» Task directions: Below are some records. Return exactly their lines from the one containing "Vintage Harley-Davidson black" through the one containing "red apples on a wooden table", and drop the pictures.

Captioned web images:

########################################

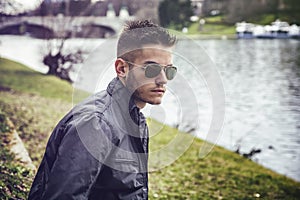 Contemplative young man sitting beside river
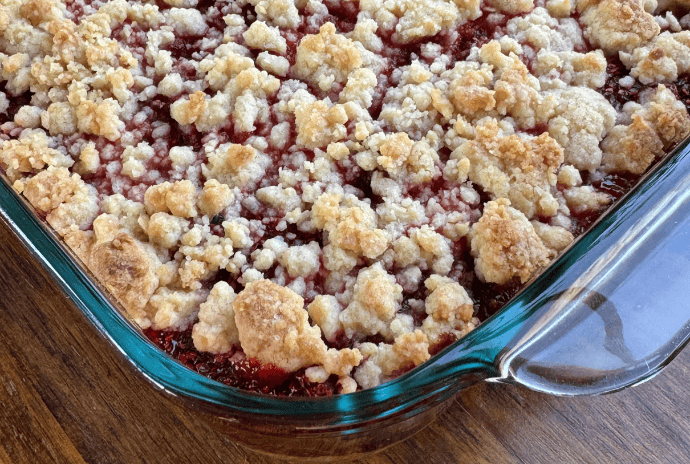 homemade thimbleberry crumble in a pyrex baking dish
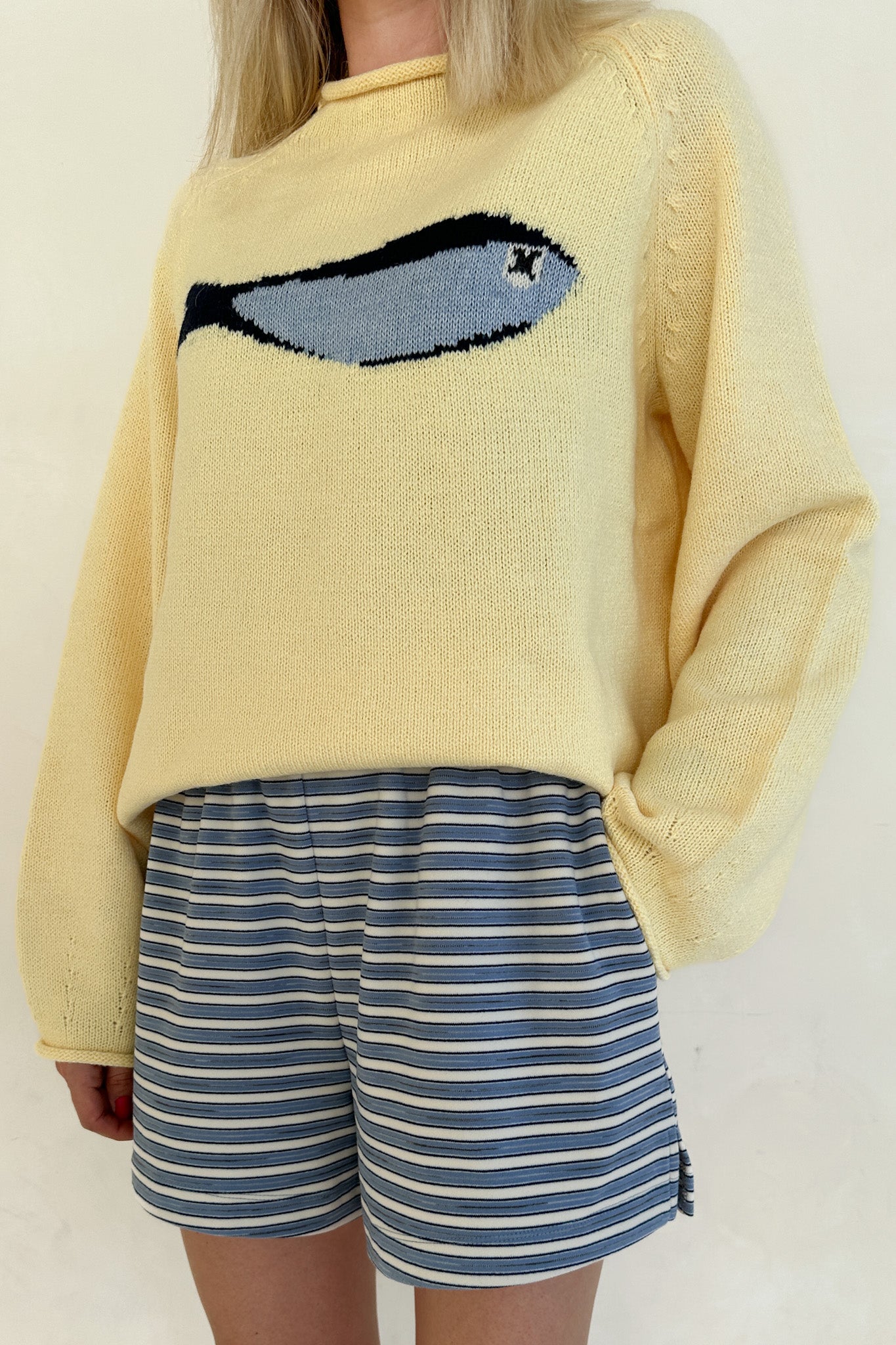 Person wearing a yellow sweater with a fish design and blue striped shorts on a plain background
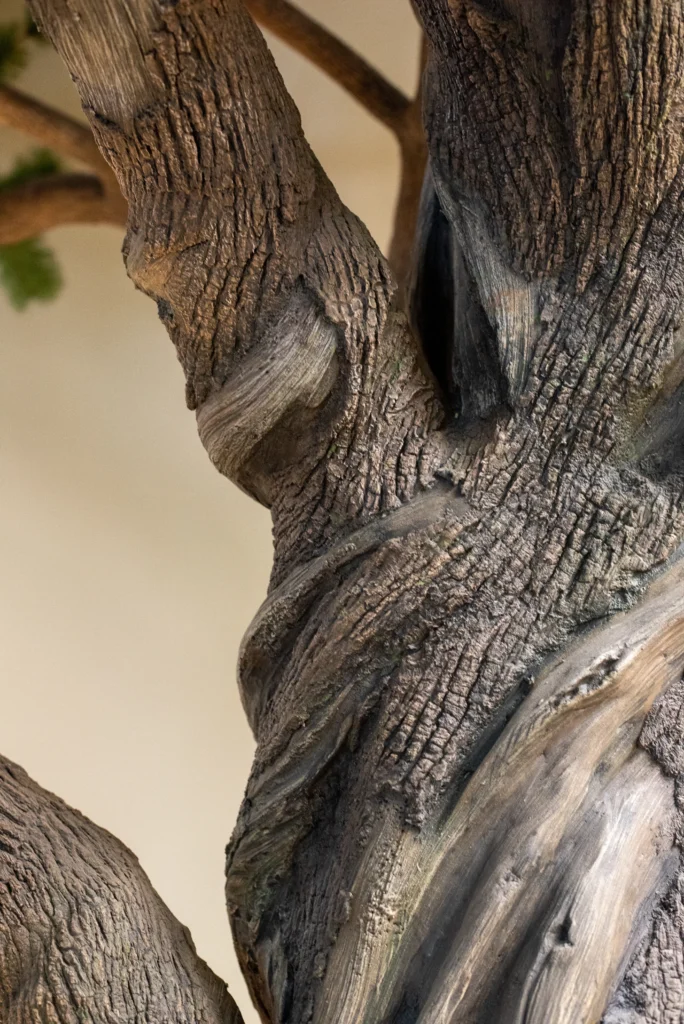 Detailed view of artificial Ancient Bristlecone Pine tree trunk with twisting grooves and textured bark surface.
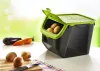 A kitchen storage container for potatoes and onions is shown on a white surface with some vegetables in the foreground and background. Produktbild-Vorschau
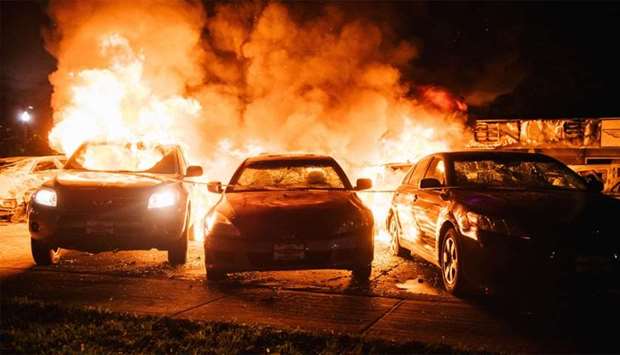 Cars are set on fire in Kenosha, Wisconsin.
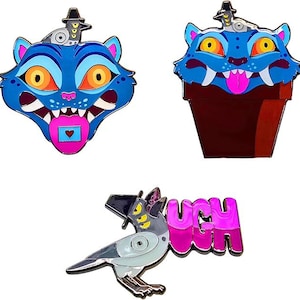 Peut inclure: Trois épingles émaillées : une tête de chat bleue avec une langue rose et un cœur, une tête de chat bleue dans un pot marron et un oiseau gris avec le mot "UGH" en rose. Chaque épingle a un design et une palette de couleurs uniques.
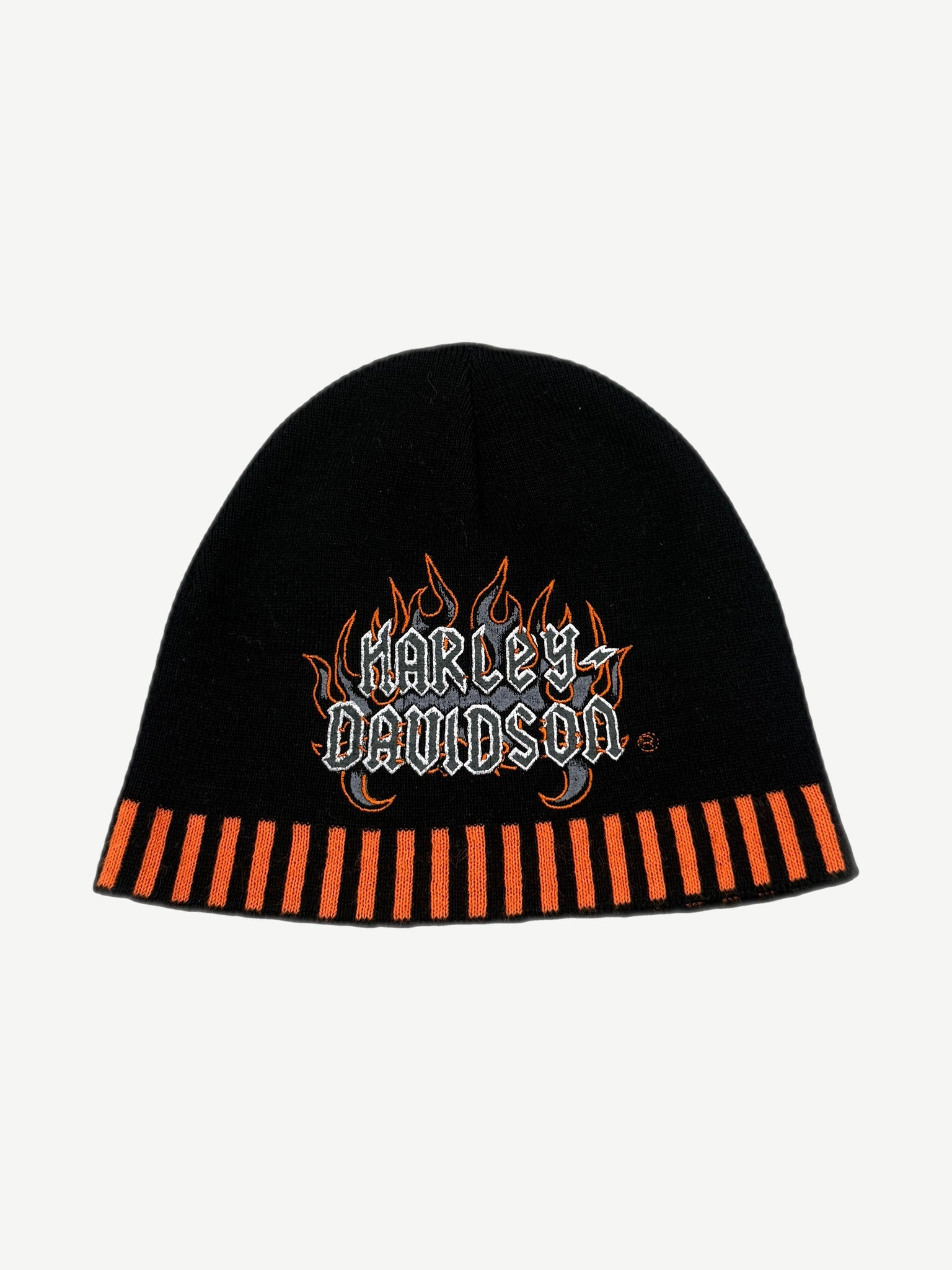 Vintage Harley-Davidson black knit beanie front with embroidered flame logo and orange piano-key cuff stripes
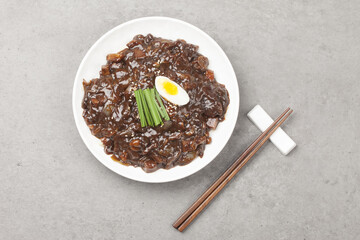 Jjajangmyeon is one of Chinese dishes. The noodles are mixed with Chinese soybean paste stir-fried with meat and vegetables.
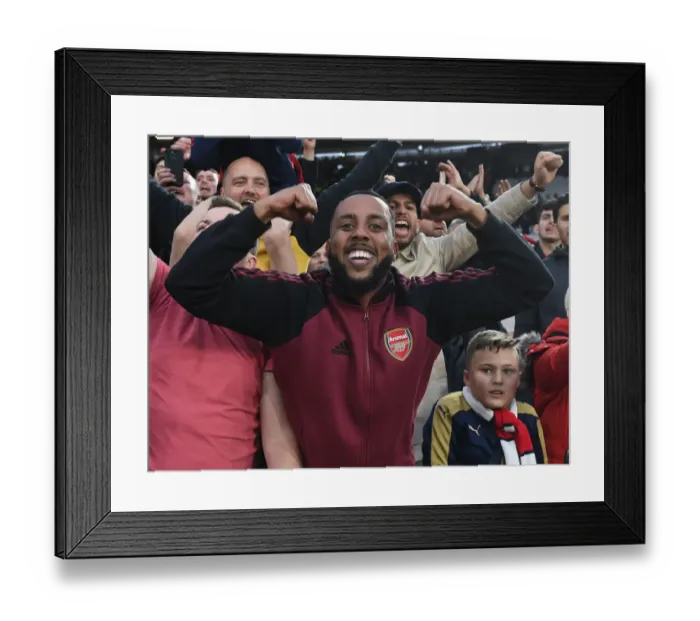 Framed Print : Arsenal Fans Triumphant Euphoria: Celebrating a Hard-Fought Premier League Victory over West Ham United Framed Print : Arsenal Fans Triumphant Euphoria: Celebrating a Hard-Fought Premier League Victory over West Ham United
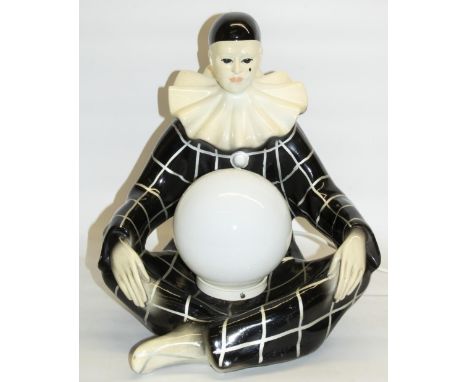 Late C20th composition figural table lamp base modelled as a seated Pierrot clown, with globe shade, H41cm 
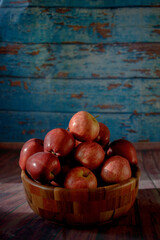 red apples on a wooden table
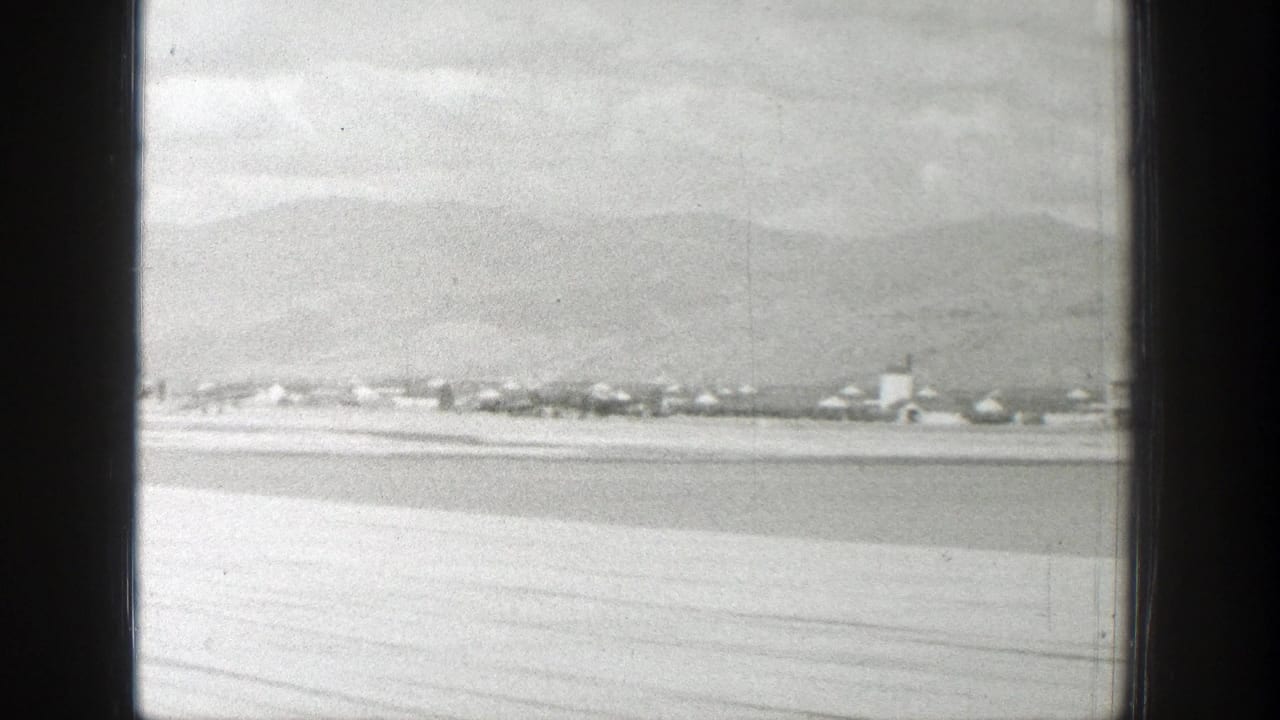 Aircraft-window view over a pale valley with a distant town and mountains beyond.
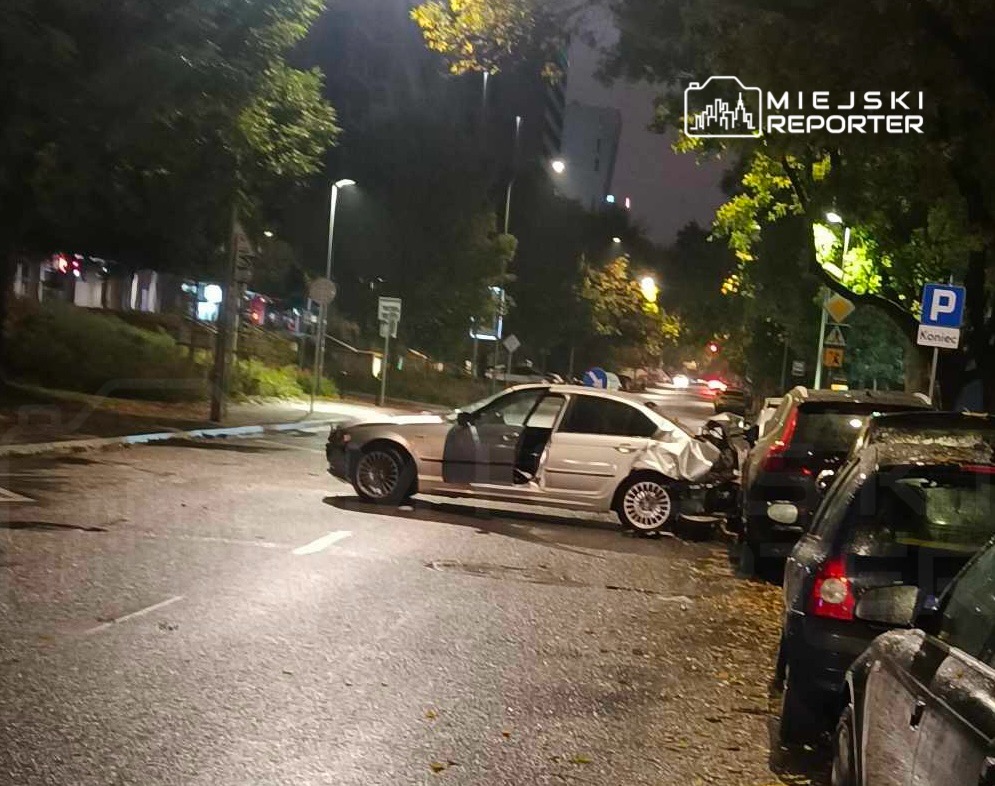 Zniszczony samochód osobowy stoi na ulicy, otoczony innymi zaparkowanymi pojazdami, w nocy.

########################################

» Task result:
 Vintage Harley-Davidson black knit beanie front with embroidered flame logo and orange piano-key cuff stripes
 Jjajangmyeon is one of Chinese dishes. The noodles are mixed with Chinese soybean paste stir-fried with meat and vegetables.
 Framed Print : Arsenal Fans Triumphant Euphoria: Celebrating a Hard-Fought Premier League Victory over West Ham United Framed Print : Arsenal Fans Triumphant Euphoria: Celebrating a Hard-Fought Premier League Victory over West Ham United
 Late C20th composition figural table lamp base modelled as a seated Pierrot clown, with globe shade, H41cm 
 red apples on a wooden table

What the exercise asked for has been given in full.